The figure of fifty percent is, admittedly, just a tad fictitious, but it is certainly arguable that in order to be considered a women's music group that group would have to comply with the basic conditions of the genre more than half of the time. This definition sounds complex and even unwieldy, but it does in fact reflect the way in which women's music is defined as McRobbie and Garber (2000) suggest. Art is almost always complicated.

This interview with singer/songwriter Teresa Trull on Technodyke summarizes a number of the complexities and ambiguities in the world of women's music today:

As far as Women's music is concerned, I think it was high time for it to change from what I considered to be a narrow definition. Women's music was momentarily weakened as I was, but the diversification was long overdue.

RZ: The women's music festival circuit brought many artists to a greater prominence, developed the women's community and brought many diverse elements together.
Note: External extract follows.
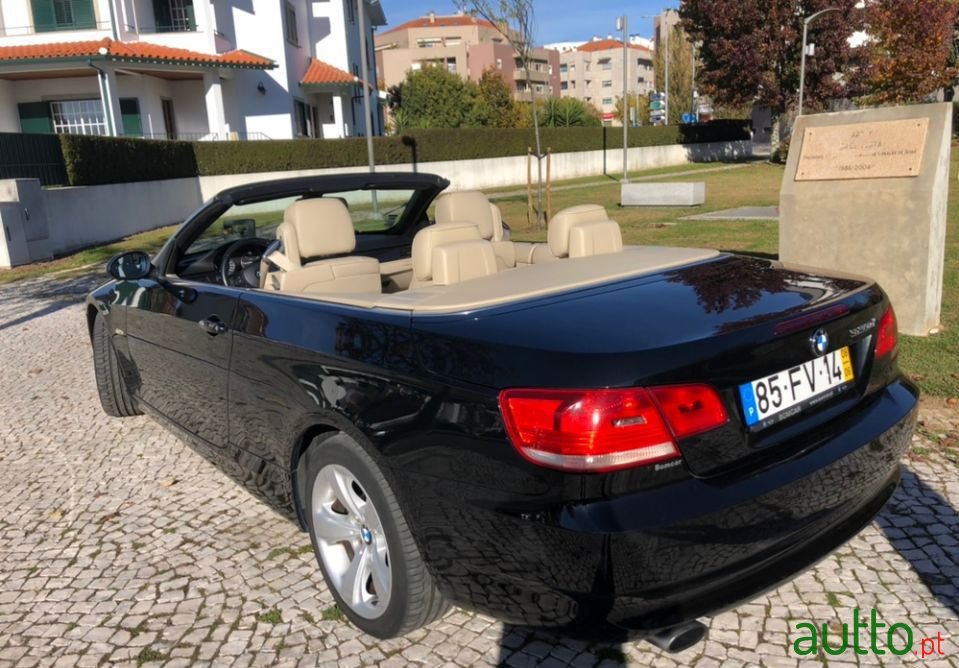 2008' BMW 320 photo #6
With rising acceptance of women (and lesbian) musicians in the mainstream music world, is the age of women's music festivals over?

TT: Heavens no...BUT... just as in the industry, when women's culture and lesbians are more generally accepted, you are going to see less need for a separatist environment and more leaning towards worldly and humanist events. The creative people that that diversifies and include will probably enjoy a greater success. I know that growth for some of us old timers is hard, but I, for one, welcome leaving the womb and I hope for a truly brave, new world. I am proud of my roots and know that certainly there are many battles yet to be fought but we also have to embrace the new and be glad for the changes.
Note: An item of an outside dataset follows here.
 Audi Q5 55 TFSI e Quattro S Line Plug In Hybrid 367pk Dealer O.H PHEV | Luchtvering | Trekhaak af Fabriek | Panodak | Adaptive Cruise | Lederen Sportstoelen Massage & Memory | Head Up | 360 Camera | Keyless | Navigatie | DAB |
Trull's interview brings up an important point, which is the nature of the relationship of lesbians and "lesbian music" to women's music. This is a relatively new issue, given that so few lesbians were open about their sexuality until recently, and it plays into the larger issue of who is included in the community of women that women's music is addressing. Today that community tends to be defined very broadly indeed as women of different classes, races, and generations are included.

The women in the audience - and to some extent on stage and in the executive suites - have grown more diverse as a group since the second wave of feminism broke over the country in the 1970s. The women in this group also relied on music to help define them as a community and to give them a sense of purpose (as Kimball [1981] explores). They were not the first to do so of course, for the same was true of the first movement of feminism, during the Progressive Era of the teens and twenties that brought women the right to vote as well as rights to many common laborers. Indeed, movements composed of those with relatively little social power have for centuries used the power of the expressive arts to unify, motivate and fortify their causes.

What sets the modern women's music movement apart from the women's music of the 1970s or 1920s - and apart from other forms of popular music - is that combination of factors discussed above.

Works Cited

Giroux, Henry. Stealing Innocence: Youth Corporate Power, and the Politics of Culture. London: St. Martin's 2001. http://www.technodyke.com/features/teresa4.asp

Hanna, Judith. Dance, Sex, and Gender: Signs of Identity, Dominance, Defiance, and Desire. Chicago: U. Of Chicago Press, 1988.

Kimball, Gayle. Women's Culture: The Women's Renaissance of the Seventies. Los Angeles: Scarecrow, 1981.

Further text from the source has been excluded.